▼▼▼

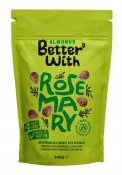 Better With Almonds Rosemary 140g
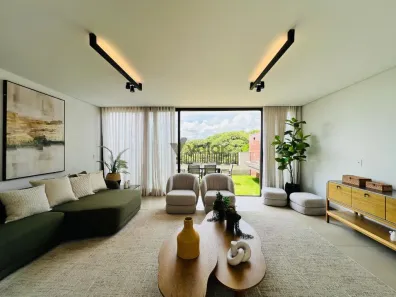 Casa de Condomínio com 3 Quartos à venda, 240m² no Bairro das Palmeiras, Campinas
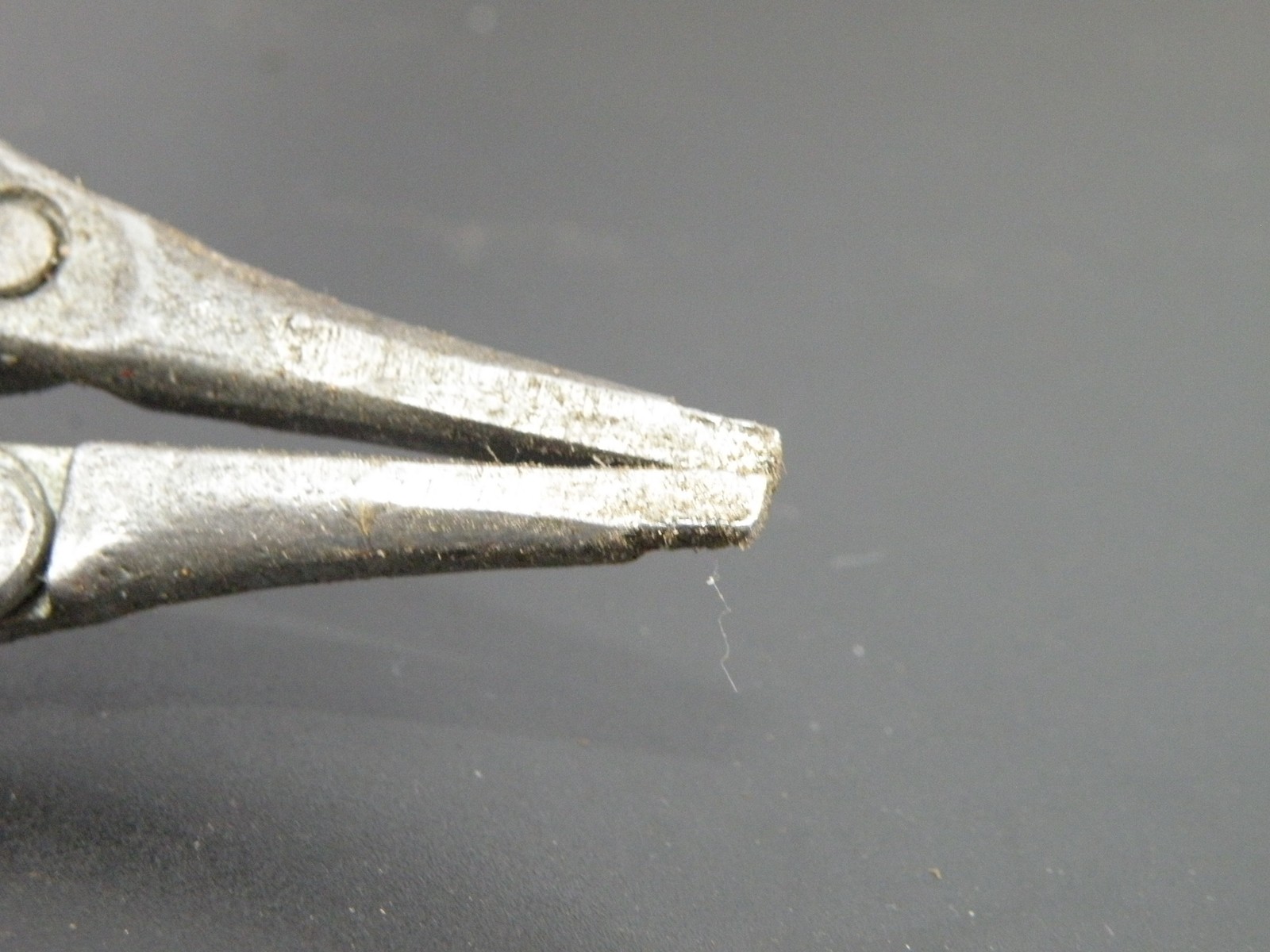MAC TOOLS P35 PARALLEL COMPOUND SNAP RING PLIER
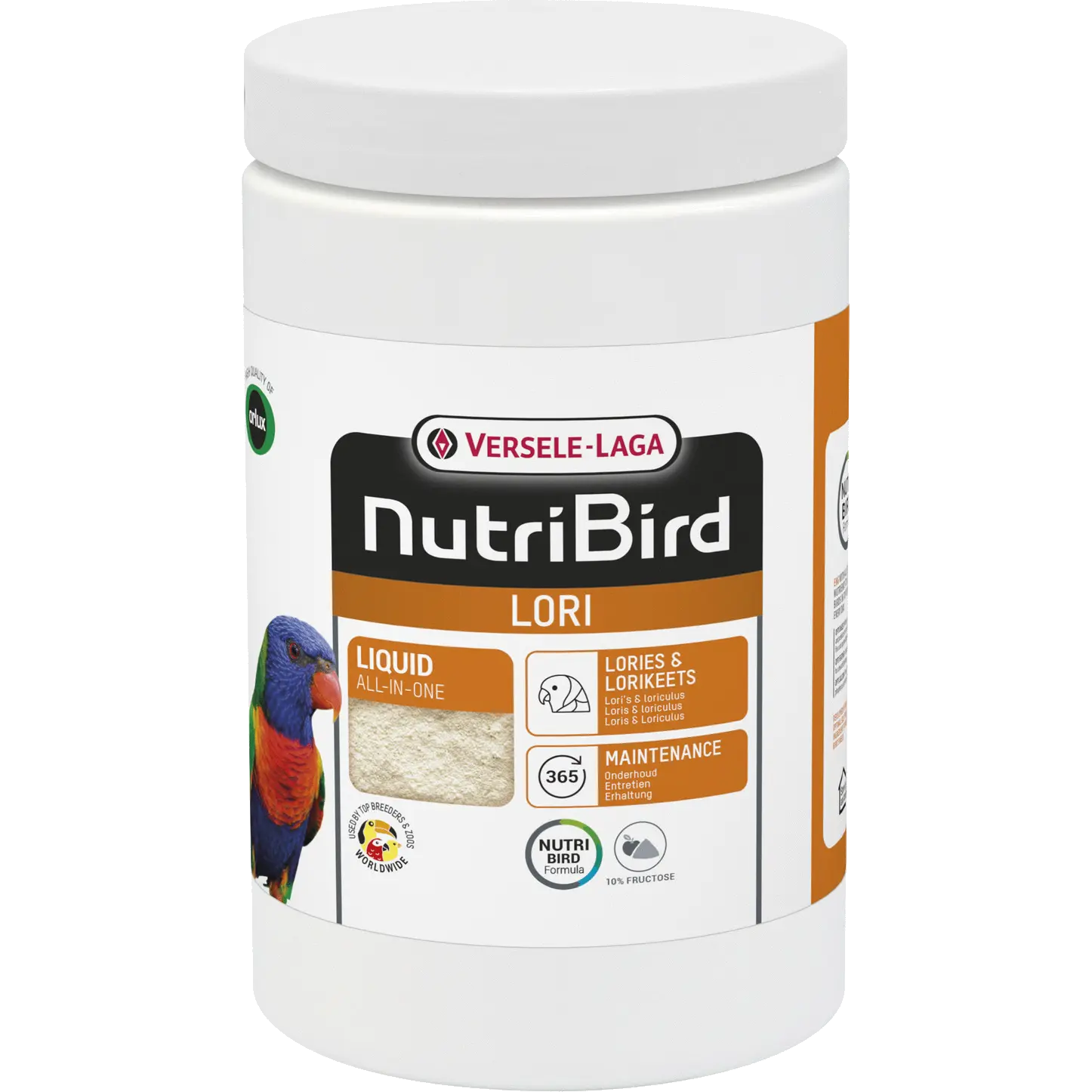 NutriBird Lori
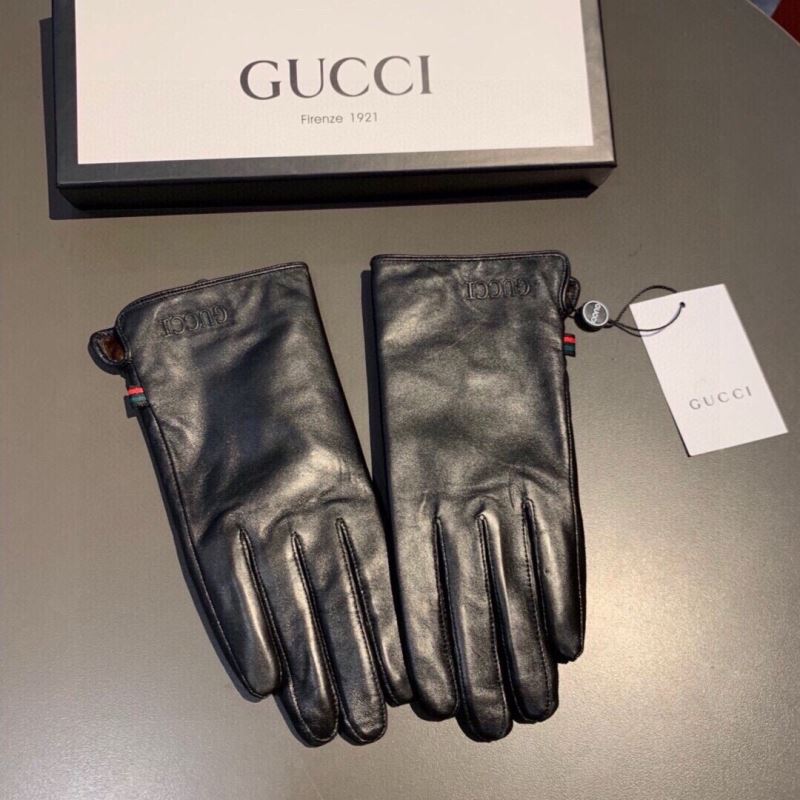 Gucci Gloves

▲▲▲

* [WORK INSTRUCTIONS]
Repeat each line of the records above exactly, but do not copy the pictures.

* [ANSWER SECTION]
 Better With Almonds Rosemary 140g
 Casa de Condomínio com 3 Quartos à venda, 240m² no Bairro das Palmeiras, Campinas
MAC TOOLS P35 PARALLEL COMPOUND SNAP RING PLIER
 NutriBird Lori
 Gucci Gloves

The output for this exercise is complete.